INFORMATION GIVEN —
----------------

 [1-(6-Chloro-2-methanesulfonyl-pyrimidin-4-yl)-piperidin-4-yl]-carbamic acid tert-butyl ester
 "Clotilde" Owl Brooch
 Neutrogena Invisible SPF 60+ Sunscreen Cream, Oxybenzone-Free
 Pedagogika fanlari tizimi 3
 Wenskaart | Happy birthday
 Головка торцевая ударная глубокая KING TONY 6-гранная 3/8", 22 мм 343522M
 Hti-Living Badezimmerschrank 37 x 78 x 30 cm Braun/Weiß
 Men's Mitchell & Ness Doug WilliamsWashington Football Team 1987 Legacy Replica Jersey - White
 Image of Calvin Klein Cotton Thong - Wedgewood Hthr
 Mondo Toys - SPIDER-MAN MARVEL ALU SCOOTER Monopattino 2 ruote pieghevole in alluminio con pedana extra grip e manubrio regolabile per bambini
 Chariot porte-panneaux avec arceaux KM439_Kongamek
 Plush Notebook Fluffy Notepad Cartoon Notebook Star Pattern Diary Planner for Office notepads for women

----------------

Output each line of the material exactly as it was written above.

 [1-(6-Chloro-2-methanesulfonyl-pyrimidin-4-yl)-piperidin-4-yl]-carbamic acid tert-butyl ester
 "Clotilde" Owl Brooch
 Neutrogena Invisible SPF 60+ Sunscreen Cream, Oxybenzone-Free
 Pedagogika fanlari tizimi 3
 Wenskaart | Happy birthday
 Головка торцевая ударная глубокая KING TONY 6-гранная 3/8", 22 мм 343522M
 Hti-Living Badezimmerschrank 37 x 78 x 30 cm Braun/Weiß
 Men's Mitchell & Ness Doug WilliamsWashington Football Team 1987 Legacy Replica Jersey - White
 Image of Calvin Klein Cotton Thong - Wedgewood Hthr
 Mondo Toys - SPIDER-MAN MARVEL ALU SCOOTER Monopattino 2 ruote pieghevole in alluminio con pedana extra grip e manubrio regolabile per bambini
 Chariot porte-panneaux avec arceaux KM439_Kongamek
 Plush Notebook Fluffy Notepad Cartoon Notebook Star Pattern Diary Planner for Office notepads for women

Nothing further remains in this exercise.